§ **EXERCISE DESCRIPTION**
Exclude all images and print the entries below exactly.

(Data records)
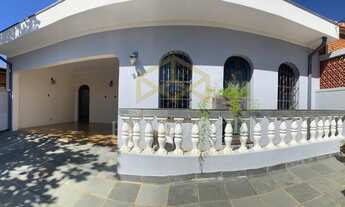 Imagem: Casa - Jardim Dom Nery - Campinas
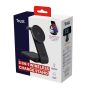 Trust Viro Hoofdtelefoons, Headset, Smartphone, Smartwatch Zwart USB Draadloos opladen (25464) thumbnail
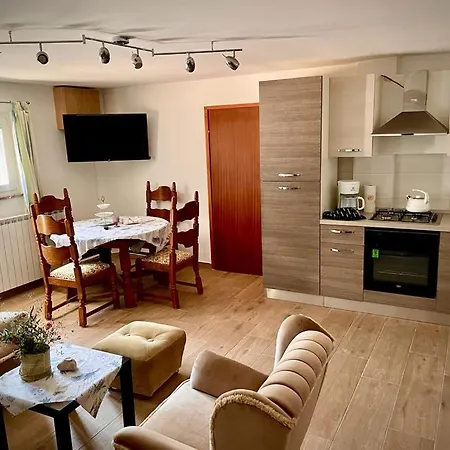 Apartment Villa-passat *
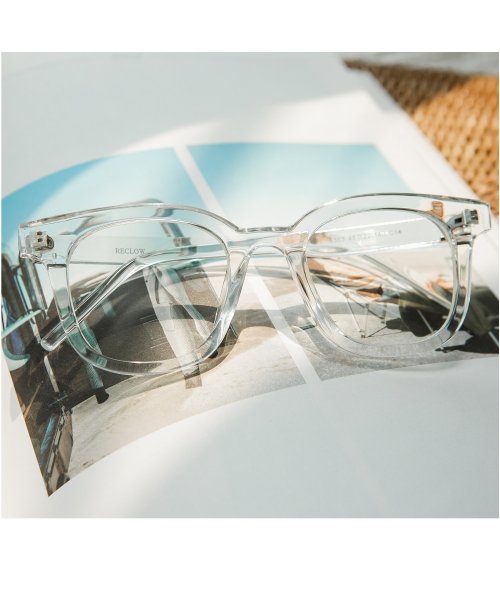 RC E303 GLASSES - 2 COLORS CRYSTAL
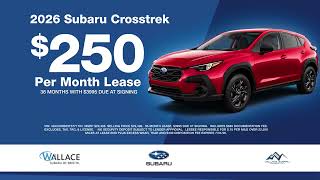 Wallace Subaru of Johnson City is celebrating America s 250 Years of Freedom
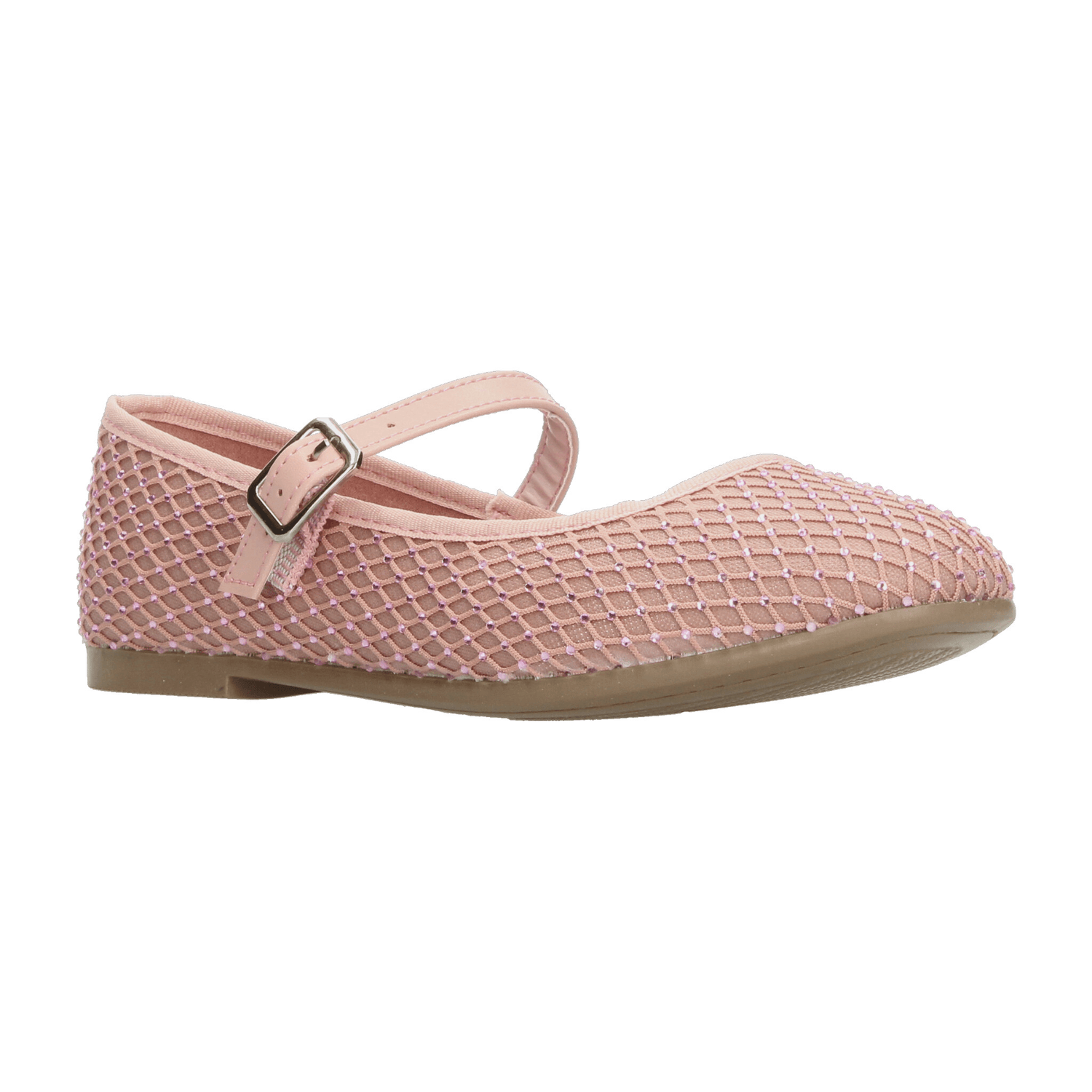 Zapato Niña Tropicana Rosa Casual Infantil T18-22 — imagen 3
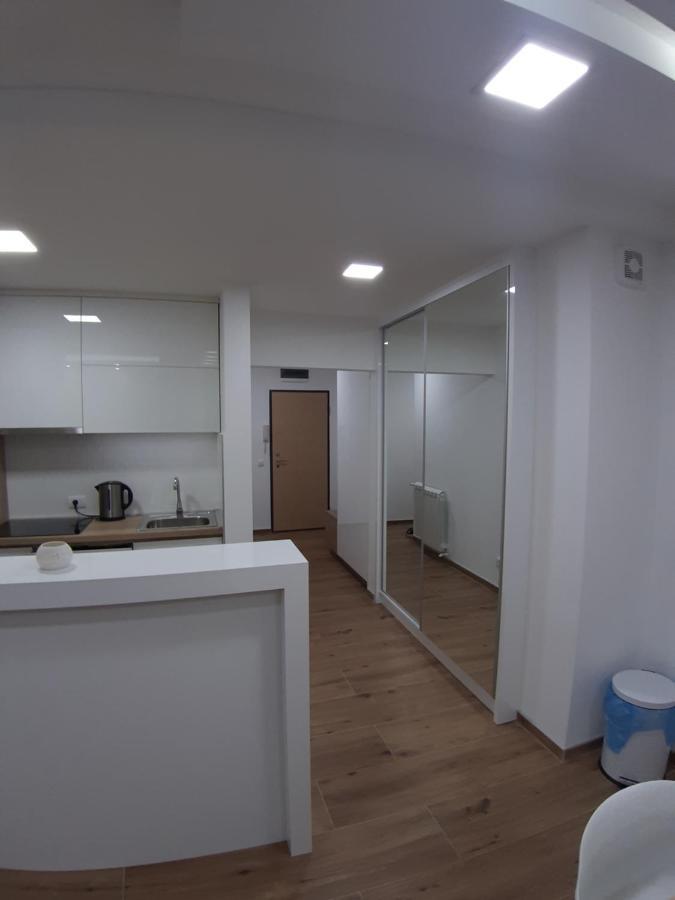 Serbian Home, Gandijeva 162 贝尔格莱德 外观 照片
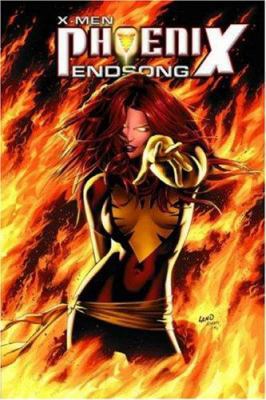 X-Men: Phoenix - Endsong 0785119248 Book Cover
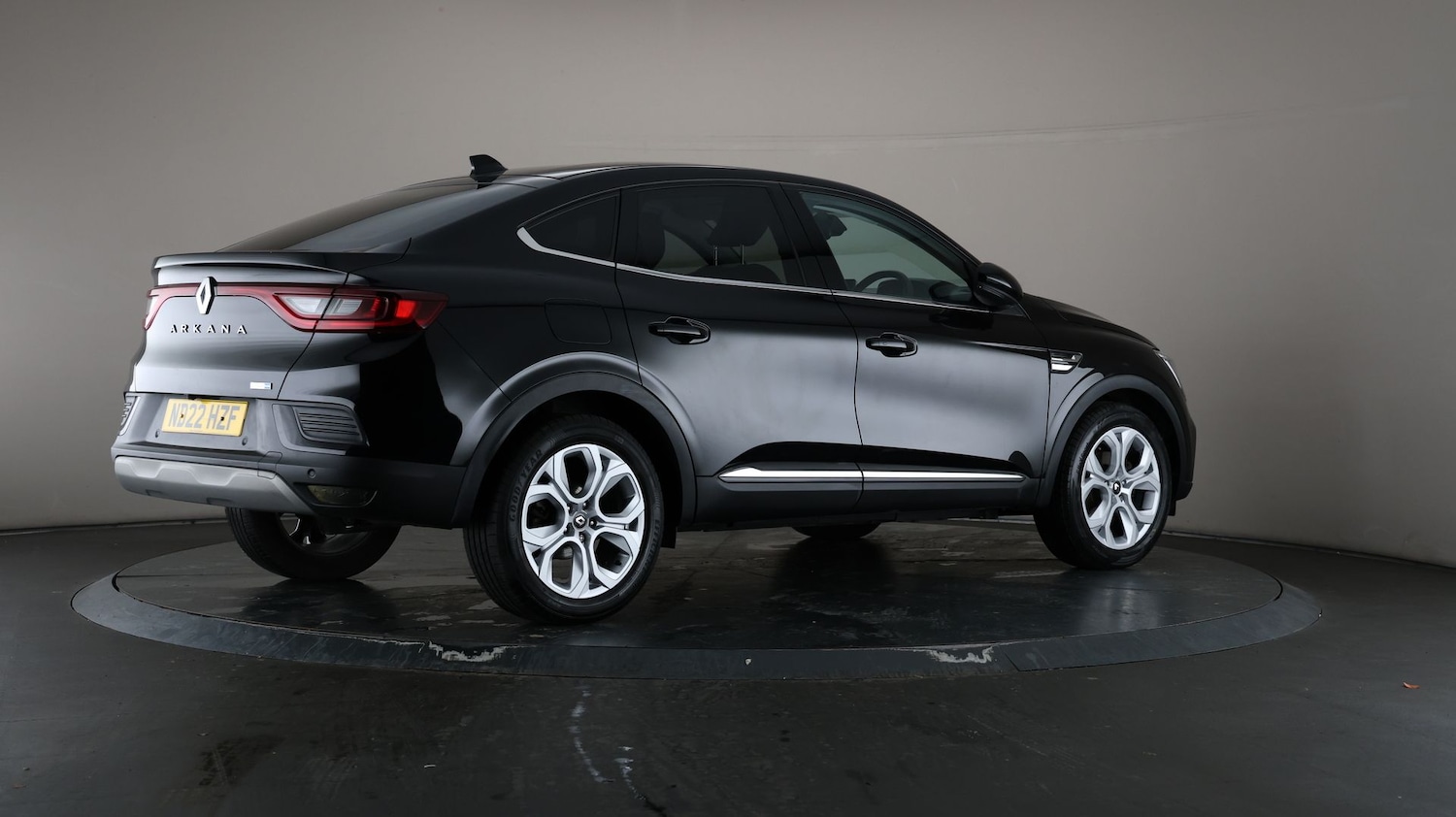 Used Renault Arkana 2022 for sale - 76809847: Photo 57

§ **SOLUTION TO THIS PROBLEM**
 Imagem: Casa - Jardim Dom Nery - Campinas
 Trust Viro Hoofdtelefoons, Headset, Smartphone, Smartwatch Zwart USB Draadloos opladen (25464) thumbnail
 Apartment Villa-passat *
 RC E303 GLASSES - 2 COLORS CRYSTAL
 Wallace Subaru of Johnson City is celebrating America s 250 Years of Freedom
 Zapato Niña Tropicana Rosa Casual Infantil T18-22 — imagen 3
 Serbian Home, Gandijeva 162 贝尔格莱德 外观 照片
 X-Men: Phoenix - Endsong 0785119248 Book Cover
 Used Renault Arkana 2022 for sale - 76809847: Photo 57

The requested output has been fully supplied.